Eski şapel, Miken çağından (MÖ 14. ila 12. yüzyıllar) ve Tunç Çağı'ndan (MÖ 2500 civarında) buluntulardan oluşan bir vazo ve amfora sergisine ev sahipliği yapmaktadır . Ticari amforalar, amforaların gelişimi ve çeşitli kullanımları hakkında tarihsel bir genel bakış sunar.

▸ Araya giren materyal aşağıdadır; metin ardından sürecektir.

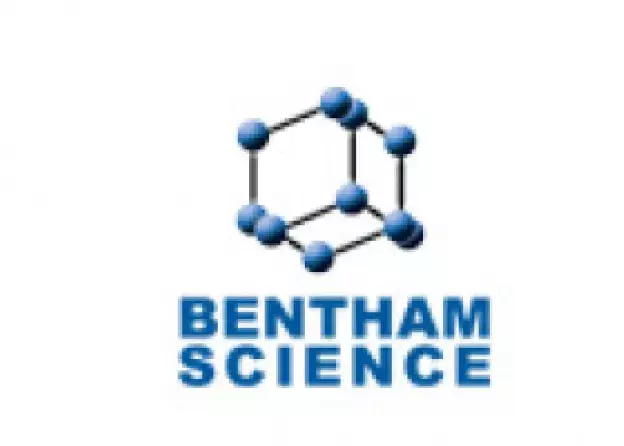 Dostęp do bazy  Bentham Science Publisher's Content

İtalyan Kulesi, Sikke ve Mücevher Salonunda yüzyıllara yayılan bir koleksiyona ev sahipliği yapıyor. Bir diğer sergi salonu ise MÖ 360 ile 325 yılları arasında ölen bir Karyalı prensesin mezarına özel olarak ayrılmıştır . Antik cam objeler koleksiyonu, dünyanın en büyük dört antik cam koleksiyonundan biridir.

Son olarak, iki antik batık yeniden inşa edildi: MS 1077'de batan Fatımi gemisi ve MÖ 14. yüzyıldan kalma büyük Uluburun Batığı .

Kale içindeki bir bahçe, hem mersin hem de çınar dahil olmak üzere Akdeniz bölgesinin hemen hemen her bitki ve ağacının bir koleksiyonudur . Turkuaz ve kehribar tavus kuşları çiçekli ağaçların ve çalıların altında geçit töreni yapıyor. Kulelerden şehrin tamamını ve bazı komşu koyları görmek mümkün.